Los ojos de quien ya no mira.
5.-
Un país. Un lugar donde para oír al
refranero desde una tarima había que beberse el licor regalado, el aguardiente
ideológico. Un país donde “Los niños
estaban allí hurgando en las bolsas de basura”. O “un grupo de motorizados se
desplazaba a alta velocidad”. O una posible guerra civil y una pregunta en el
aire: “¿Tú crees que en la mente criminal de un par de caciques terroristas e
ignorantes tú cuentas para algo?”.
Un país custodiado por Los Guardianes
de la Patria. Un país cuyo dueño baila con su damisela al ritmo del dolor
nacional. “Esto es territorio de ellos”. Un país perdido. Sombrío. Una isla sin
costas. Una costra.
Nocturama, la noche de una cultura
despiadada. La noche de un país “cuya constante invención de su historia había
producido dificultades en la convivencia, descontento en algunos y ánimos
discrepantes en otros”.
El país otro, el tallado por la
estupidez de una pesadilla que antes llamaban utopía.

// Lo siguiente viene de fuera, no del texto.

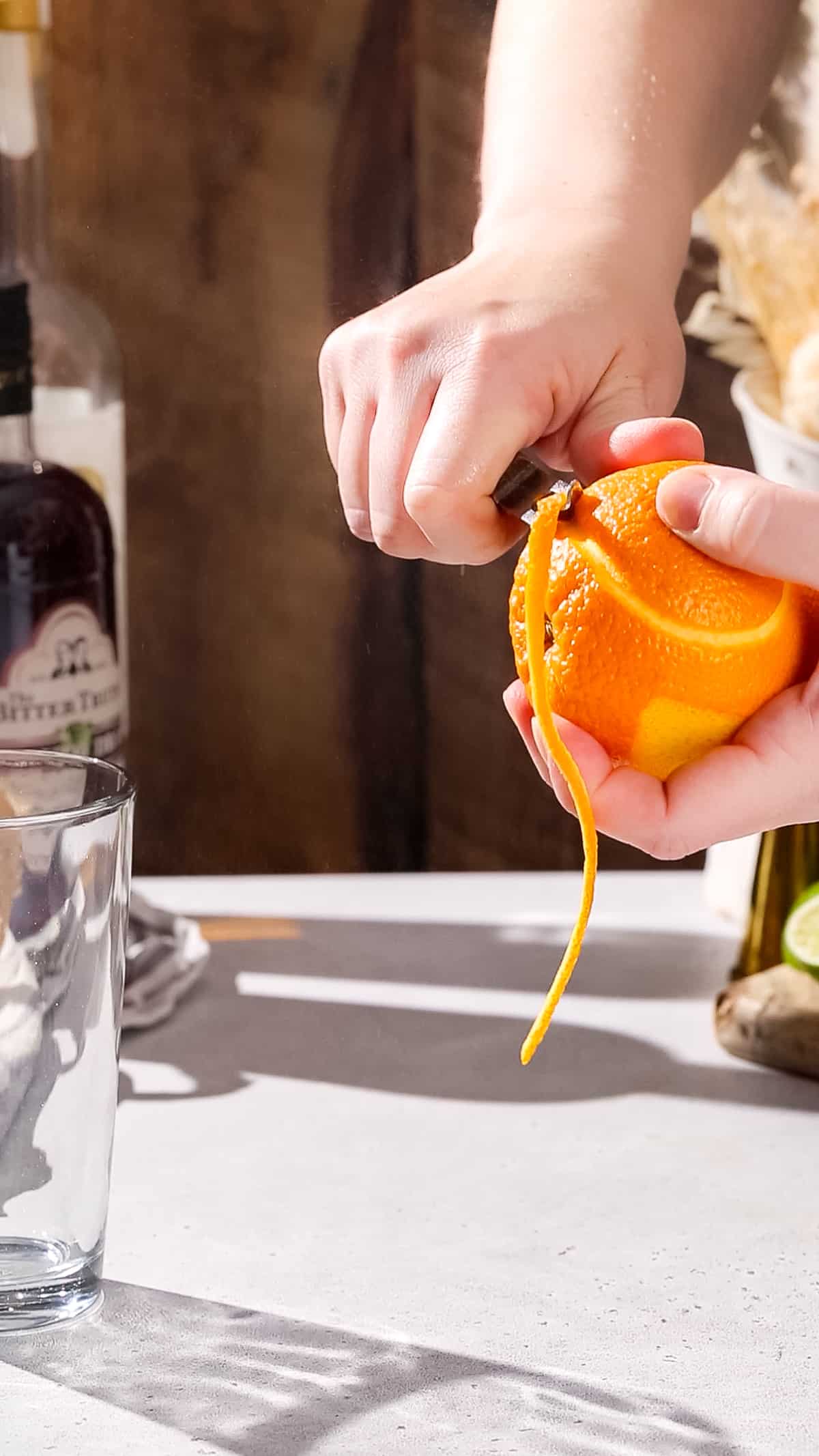 Hands using a channel knife to cut a long strip of orange peel.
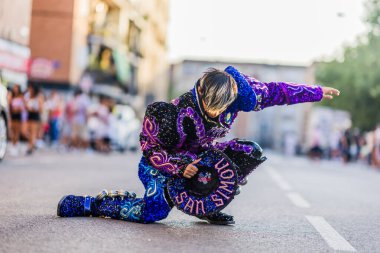 Dancer in a vibrant, sequined costume captivating the crowd with an energetic routine during a hispanic day parade celebration clipart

¿Nocturama es la voz oculta de Tomás
Moro, su ironía, el cálculo infinitesimal de la indolencia de un poder que vive
gracias a la respiración ajena?
Una novela que se adelantó unos años a
lo que hoy vemos en las calles. Una novela de una ficción que es nuestra más
dolorosa realidad. Aquí no valen artificios, adornos ni consagraciones
académicas. Un disparo en la cara es
superior a una metáfora. A una tesis de doctorado. Un hombre arrodillado frente
a un sujeto armado no es un asunto gramatical. No hay sintaxis que releve la
imagen de una mujer pateada por soldados, por policías o por “colectivos”, los
“tontom-macoutes” de esta novela que tiene nombre en el espacio geográfico y
espiritual de los perseguidos, acosados y asesinados.
“Nocturama” es una lectura en medio de
una protesta.
Es una bomba lacrimógena con índice y
glosario. “Nocturama” es un país sin prólogo.
Del epílogo sólo hablan los muertos,
los perdidos, los extraviados.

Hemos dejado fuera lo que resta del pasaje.